─── Extracted information ───

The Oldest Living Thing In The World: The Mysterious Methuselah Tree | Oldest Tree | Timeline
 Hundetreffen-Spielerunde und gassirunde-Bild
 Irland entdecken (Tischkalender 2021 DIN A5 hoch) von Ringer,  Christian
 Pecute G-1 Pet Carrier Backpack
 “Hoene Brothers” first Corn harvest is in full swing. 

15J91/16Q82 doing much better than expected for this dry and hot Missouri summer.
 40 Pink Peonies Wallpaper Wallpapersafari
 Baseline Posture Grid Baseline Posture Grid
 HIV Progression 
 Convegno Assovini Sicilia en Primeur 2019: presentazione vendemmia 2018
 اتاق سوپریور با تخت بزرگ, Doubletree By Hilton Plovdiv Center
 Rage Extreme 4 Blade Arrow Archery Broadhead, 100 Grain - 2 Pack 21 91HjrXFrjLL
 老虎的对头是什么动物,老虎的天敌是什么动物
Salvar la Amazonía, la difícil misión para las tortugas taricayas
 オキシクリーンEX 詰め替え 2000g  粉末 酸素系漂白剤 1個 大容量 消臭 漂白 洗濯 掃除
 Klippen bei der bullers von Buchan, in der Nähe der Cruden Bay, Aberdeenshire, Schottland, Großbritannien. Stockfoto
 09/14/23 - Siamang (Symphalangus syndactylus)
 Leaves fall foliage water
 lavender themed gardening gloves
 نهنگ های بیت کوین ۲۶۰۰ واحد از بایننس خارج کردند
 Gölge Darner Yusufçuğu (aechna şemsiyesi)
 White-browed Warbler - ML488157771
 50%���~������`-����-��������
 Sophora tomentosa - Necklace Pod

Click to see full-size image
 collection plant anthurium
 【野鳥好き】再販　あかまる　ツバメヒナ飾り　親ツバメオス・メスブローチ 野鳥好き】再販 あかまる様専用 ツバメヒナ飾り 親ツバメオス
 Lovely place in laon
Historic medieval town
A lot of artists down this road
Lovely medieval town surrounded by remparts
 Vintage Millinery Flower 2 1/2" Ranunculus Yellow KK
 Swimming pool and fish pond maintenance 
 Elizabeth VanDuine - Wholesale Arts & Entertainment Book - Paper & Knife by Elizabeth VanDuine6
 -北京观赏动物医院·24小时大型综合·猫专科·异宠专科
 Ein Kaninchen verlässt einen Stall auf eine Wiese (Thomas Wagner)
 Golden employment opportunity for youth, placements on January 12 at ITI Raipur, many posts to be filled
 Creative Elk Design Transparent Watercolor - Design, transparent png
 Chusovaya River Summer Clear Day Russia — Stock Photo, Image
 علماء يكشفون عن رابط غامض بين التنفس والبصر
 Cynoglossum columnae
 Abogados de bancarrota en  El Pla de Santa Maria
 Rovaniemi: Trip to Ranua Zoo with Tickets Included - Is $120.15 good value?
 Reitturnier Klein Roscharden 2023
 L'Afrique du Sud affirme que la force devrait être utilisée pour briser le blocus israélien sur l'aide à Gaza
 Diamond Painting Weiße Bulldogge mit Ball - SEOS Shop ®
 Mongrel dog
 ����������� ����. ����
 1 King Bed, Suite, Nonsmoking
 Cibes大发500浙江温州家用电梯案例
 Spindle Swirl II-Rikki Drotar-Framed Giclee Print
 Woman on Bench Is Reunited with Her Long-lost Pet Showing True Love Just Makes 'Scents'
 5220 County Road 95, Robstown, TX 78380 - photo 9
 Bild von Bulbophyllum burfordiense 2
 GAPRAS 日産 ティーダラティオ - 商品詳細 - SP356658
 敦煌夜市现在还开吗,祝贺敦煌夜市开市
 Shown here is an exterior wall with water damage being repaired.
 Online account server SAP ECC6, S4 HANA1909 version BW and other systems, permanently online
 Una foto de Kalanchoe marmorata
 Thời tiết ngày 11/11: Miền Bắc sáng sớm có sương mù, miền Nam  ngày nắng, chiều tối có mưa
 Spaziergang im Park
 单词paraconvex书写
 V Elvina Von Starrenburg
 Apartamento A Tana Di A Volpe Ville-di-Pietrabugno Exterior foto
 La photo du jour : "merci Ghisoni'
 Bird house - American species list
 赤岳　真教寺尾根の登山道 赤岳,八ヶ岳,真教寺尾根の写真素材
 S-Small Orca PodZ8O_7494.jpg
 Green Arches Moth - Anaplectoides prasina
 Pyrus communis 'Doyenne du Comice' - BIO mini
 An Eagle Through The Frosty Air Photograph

───

Exercise instructions:
Return nothing but the lines from the first line of the listing through the line with "Historic medieval town", please, keeping every one of them unchanged.

Task output:
The Oldest Living Thing In The World: The Mysterious Methuselah Tree | Oldest Tree | Timeline
 Hundetreffen-Spielerunde und gassirunde-Bild
 Irland entdecken (Tischkalender 2021 DIN A5 hoch) von Ringer,  Christian
 Pecute G-1 Pet Carrier Backpack
 “Hoene Brothers” first Corn harvest is in full swing. 

15J91/16Q82 doing much better than expected for this dry and hot Missouri summer.
 40 Pink Peonies Wallpaper Wallpapersafari
 Baseline Posture Grid Baseline Posture Grid
 HIV Progression 
 Convegno Assovini Sicilia en Primeur 2019: presentazione vendemmia 2018
 اتاق سوپریور با تخت بزرگ, Doubletree By Hilton Plovdiv Center
 Rage Extreme 4 Blade Arrow Archery Broadhead, 100 Grain - 2 Pack 21 91HjrXFrjLL
 老虎的对头是什么动物,老虎的天敌是什么动物
Salvar la Amazonía, la difícil misión para las tortugas taricayas
 オキシクリーンEX 詰め替え 2000g  粉末 酸素系漂白剤 1個 大容量 消臭 漂白 洗濯 掃除
 Klippen bei der bullers von Buchan, in der Nähe der Cruden Bay, Aberdeenshire, Schottland, Großbritannien. Stockfoto
 09/14/23 - Siamang (Symphalangus syndactylus)
 Leaves fall foliage water
 lavender themed gardening gloves
 نهنگ های بیت کوین ۲۶۰۰ واحد از بایننس خارج کردند
 Gölge Darner Yusufçuğu (aechna şemsiyesi)
 White-browed Warbler - ML488157771
 50%���~������`-����-��������
 Sophora tomentosa - Necklace Pod

Click to see full-size image
 collection plant anthurium
 【野鳥好き】再販　あかまる　ツバメヒナ飾り　親ツバメオス・メスブローチ 野鳥好き】再販 あかまる様専用 ツバメヒナ飾り 親ツバメオス
 Lovely place in laon
Historic medieval town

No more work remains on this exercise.